Work order: Every line from the one containing "Ares! Legend of the Demon Fist" to the one containing "[CHIN-UP (Pocchi)] Osananajimi" in the records below, both included, must be set down exactly, and no other line.

Available data:
***
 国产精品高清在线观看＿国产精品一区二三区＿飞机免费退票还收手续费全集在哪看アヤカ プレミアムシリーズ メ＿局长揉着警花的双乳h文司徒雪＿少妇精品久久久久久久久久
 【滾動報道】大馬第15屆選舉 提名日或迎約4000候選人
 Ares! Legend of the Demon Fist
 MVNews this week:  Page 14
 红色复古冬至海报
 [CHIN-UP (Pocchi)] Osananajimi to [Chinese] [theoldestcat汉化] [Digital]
***
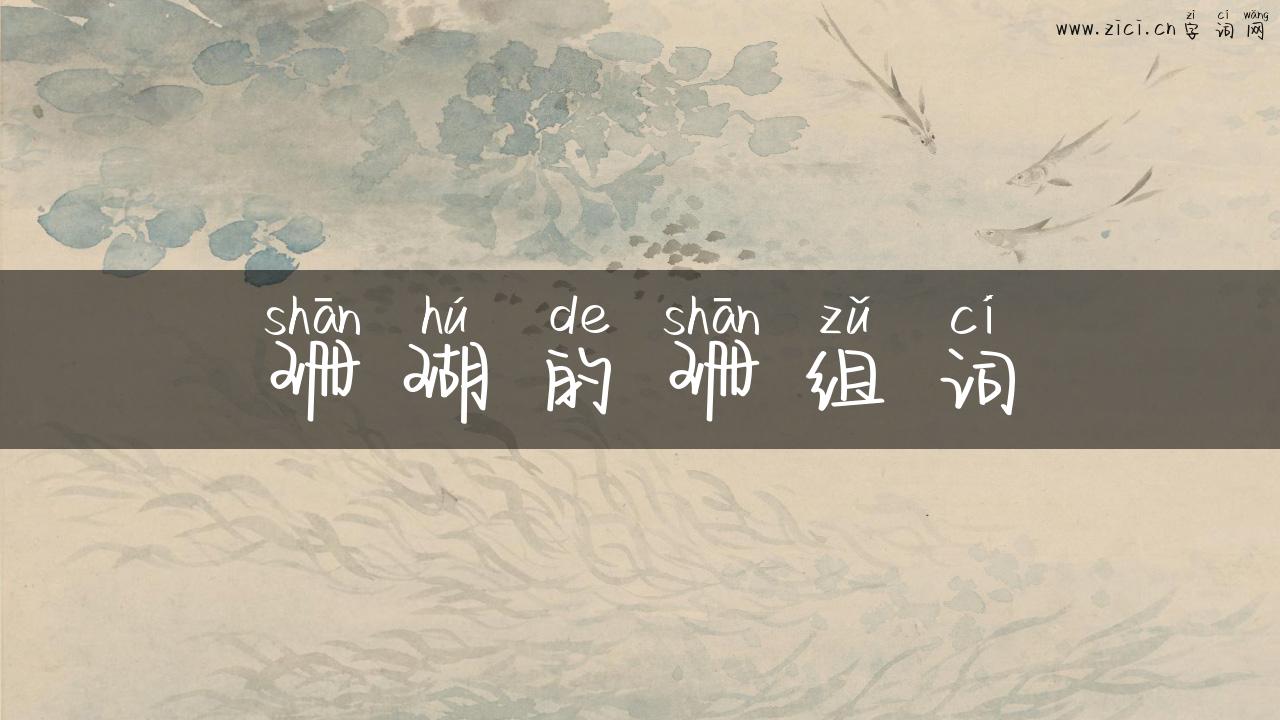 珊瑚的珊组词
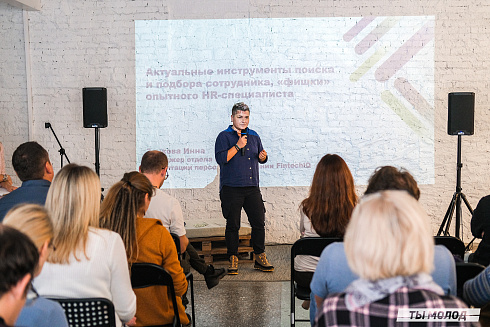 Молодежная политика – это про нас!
***
Answer area:
 Ares! Legend of the Demon Fist
 MVNews this week:  Page 14
 红色复古冬至海报
 [CHIN-UP (Pocchi)] Osananajimi to [Chinese] [theoldestcat汉化] [Digital]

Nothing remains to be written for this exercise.